- **EXERCISE DIRECTIONS**
Nothing outside the range below should be printed. Output exactly the lines from the line with "[Selling] Verified ❤️" to the line with "Коляска универсальная 3", both included.
/---
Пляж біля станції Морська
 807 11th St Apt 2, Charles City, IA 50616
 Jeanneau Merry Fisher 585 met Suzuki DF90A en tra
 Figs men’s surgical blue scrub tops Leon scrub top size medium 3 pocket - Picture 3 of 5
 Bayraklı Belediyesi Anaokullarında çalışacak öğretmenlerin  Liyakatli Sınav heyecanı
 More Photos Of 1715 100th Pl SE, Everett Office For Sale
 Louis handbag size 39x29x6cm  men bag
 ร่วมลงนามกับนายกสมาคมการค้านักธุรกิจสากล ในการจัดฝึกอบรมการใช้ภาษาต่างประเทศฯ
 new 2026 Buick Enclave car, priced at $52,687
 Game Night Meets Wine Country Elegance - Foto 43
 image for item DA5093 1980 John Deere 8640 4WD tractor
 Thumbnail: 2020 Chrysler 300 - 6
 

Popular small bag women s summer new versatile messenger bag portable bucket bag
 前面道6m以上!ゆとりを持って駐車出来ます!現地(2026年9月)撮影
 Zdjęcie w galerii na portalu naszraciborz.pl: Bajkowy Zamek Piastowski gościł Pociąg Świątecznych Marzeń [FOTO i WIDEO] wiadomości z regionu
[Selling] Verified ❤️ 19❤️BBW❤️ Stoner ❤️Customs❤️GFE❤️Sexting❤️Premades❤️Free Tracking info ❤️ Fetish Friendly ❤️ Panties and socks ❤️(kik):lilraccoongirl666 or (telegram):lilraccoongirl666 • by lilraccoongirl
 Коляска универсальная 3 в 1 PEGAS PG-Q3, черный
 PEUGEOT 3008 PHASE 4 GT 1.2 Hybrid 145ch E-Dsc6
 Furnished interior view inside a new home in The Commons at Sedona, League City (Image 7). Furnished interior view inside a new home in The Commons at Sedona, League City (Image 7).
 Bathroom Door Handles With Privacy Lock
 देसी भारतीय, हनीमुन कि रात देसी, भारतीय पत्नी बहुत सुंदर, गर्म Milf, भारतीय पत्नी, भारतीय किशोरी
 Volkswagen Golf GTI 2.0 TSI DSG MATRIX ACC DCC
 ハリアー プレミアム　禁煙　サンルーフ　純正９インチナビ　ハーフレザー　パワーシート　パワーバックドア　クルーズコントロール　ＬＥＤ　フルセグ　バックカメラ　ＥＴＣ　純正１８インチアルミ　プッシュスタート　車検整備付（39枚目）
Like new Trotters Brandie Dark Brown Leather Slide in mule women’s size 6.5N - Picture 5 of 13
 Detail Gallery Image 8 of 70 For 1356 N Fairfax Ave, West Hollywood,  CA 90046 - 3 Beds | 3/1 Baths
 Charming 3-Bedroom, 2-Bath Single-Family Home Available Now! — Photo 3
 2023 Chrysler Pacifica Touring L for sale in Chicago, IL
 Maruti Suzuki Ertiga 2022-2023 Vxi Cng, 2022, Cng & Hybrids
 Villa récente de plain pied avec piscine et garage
\---
- **OUTPUT BELOW**
[Selling] Verified ❤️ 19❤️BBW❤️ Stoner ❤️Customs❤️GFE❤️Sexting❤️Premades❤️Free Tracking info ❤️ Fetish Friendly ❤️ Panties and socks ❤️(kik):lilraccoongirl666 or (telegram):lilraccoongirl666 • by lilraccoongirl
 Коляска универсальная 3 в 1 PEGAS PG-Q3, черный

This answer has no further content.